In his eulogy to Former President Nelson Mandela, US President Barack Obama said the following of Nelson Mandela: “he would erect a constitutional order to preserve freedom for future generations…a commitment to democracy and rule of law ratified not only by his election, but by his willingness to step down from power after only one term …Mandela demonstrated that action and ideas are not enough. No matter how right, they must be chiseled into law and institutions”. In an earlier visit to South Africa, addressing young people at a University Hall in Soweto Obama also said that “Africa should now focus on building institutions of leadership” than persons in leadership positions.
In this quotation, Obama confirms the centrality of institution building and respect in state formation. In positioning Nelson Mandela as the symbol of South Africa’s resolve to establish institutions that will undergird its democracy, Obama foregrounds that ‘action and ideas are not enough…unless they are chiseled into law and housed in institutions’ of leadership. Such institutions become a critical link between civil society aspirations and party political ideology.
The fight for a democratic South Africa in which all are not only equal before the law but are guaranteed protection against the possibility of such an equality being systematically eroded through executive action or equivalent, would have been incomplete without institutionalized checks and balances. The idea of freedom from apartheid and colonialism would be incomplete unless it was or is institutionalized to prevent a future resurgence of an equivalent, however disguised.

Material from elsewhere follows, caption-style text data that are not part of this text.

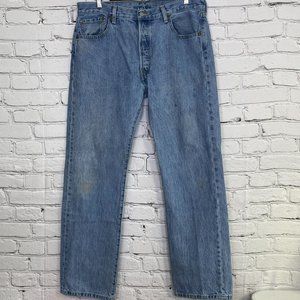 Levis 501xx 36x32‎ Denim Jeans Button Fly Light Wash Straight Leg Made in Mexico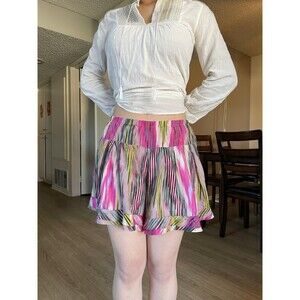 Nanette Lepore Women’s 100% Silk Color Casual Shorts High Rise Zipback Size 6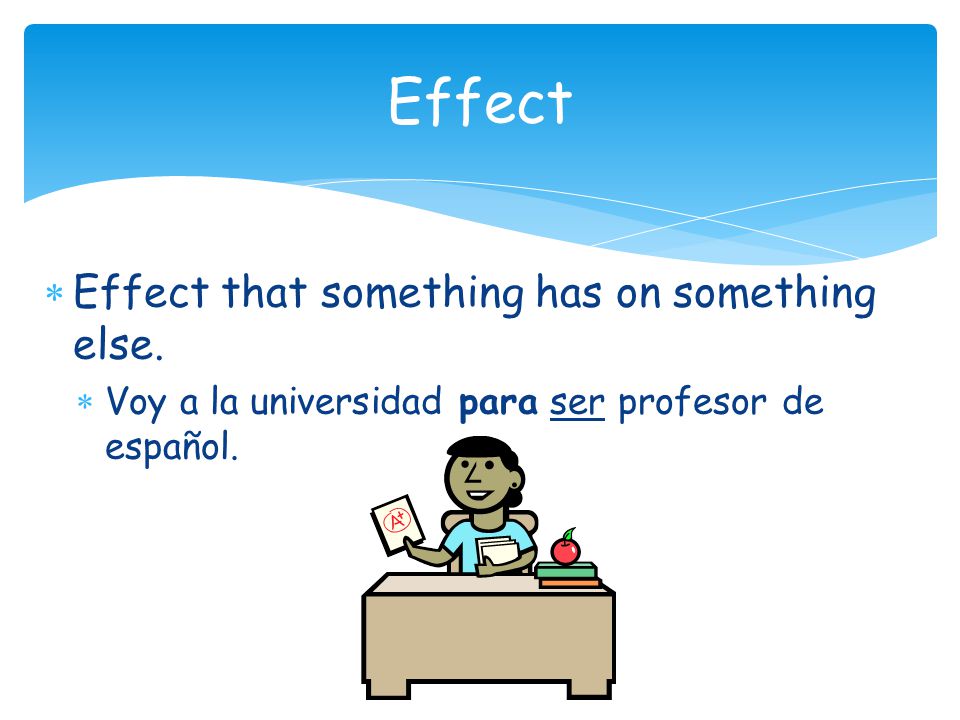 Effect that something has on something else.  Voy a la universidad para ser profesor de español.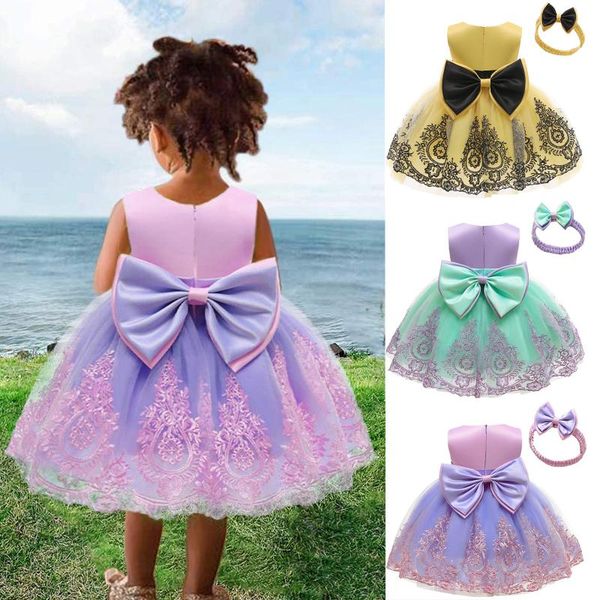 

girl's dresses baby girl pageant lace dress toddler party bowknot tutu gown with headwear christening for 0-3 years ropa, Red;yellow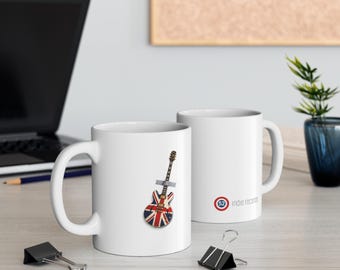 Britpop Guitar Wall Art Ceramic Coffee Cup Limited Edition 52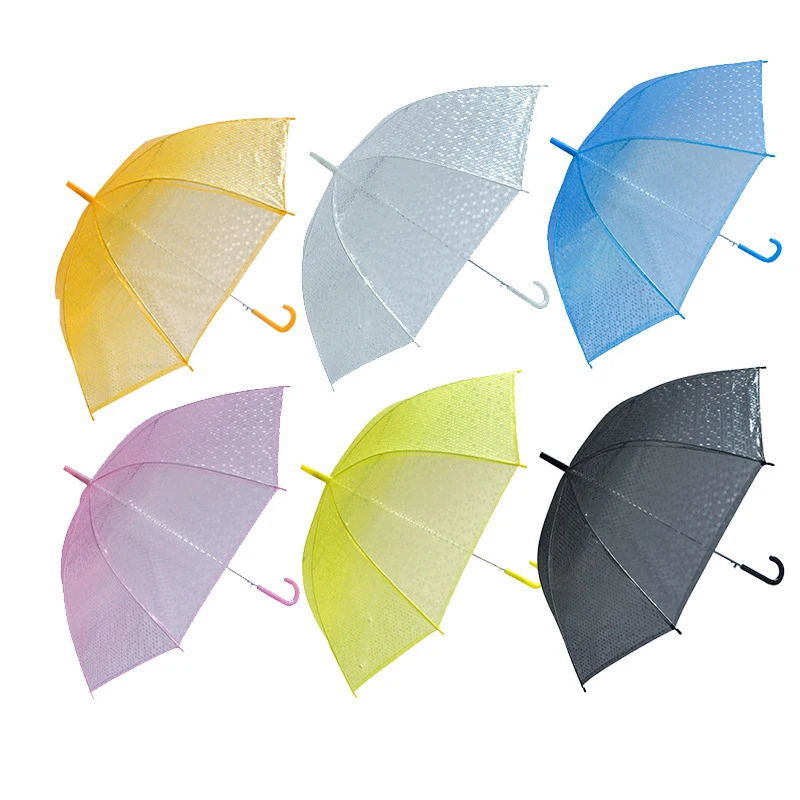 Buy Transparent Straight Handle 3D Sequins Umbrella 8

The Constitution drafters, predominated by a near 75% majority of anti-apartheid forces, arguably led by the ANC ‘as the dominant liberation movement at that time’, projected a horizon beyond narrow party political interests and anchored the new South Africa on the pillar of Constitutional Democracy mediated through and/or by an independent judiciary.
This was, and still is, a marked departure from the post liberation trend of creating institutions for leaders to use, to a dispensation that creates institutions that will provide leadership to those that are deployed therein. In this the founding parents of this democracy delinked the legitimate and yet variously questioned majority rule, a condition commonly found in transitional democracies charged with the responsibilities of redress and post conflict reconciliation, from a commitment to democracy and rule of law. The delinking meant that at some moment in the future of the then envisaged democracy an obligation to defend the ideals that underpins the Constitution was imposed on those entrusted with its implementation. The delinking was institutionalized through Chapter 9 institutions and an independent judiciary as well as polyvalently accounting Public Service Commission.
In respect of fiscal management the constitution drafters proffered a dispensation that positioned National Treasury outside the ‘prerogative dictates’ of the executive without decomplexing it from its political priority funding obligations. In doing this the management of the economy through fiscal policy made treasury a bridge between the interests of ‘business’ and the state; a towering feature confirming the neo-liberal character of South Africa’s political system.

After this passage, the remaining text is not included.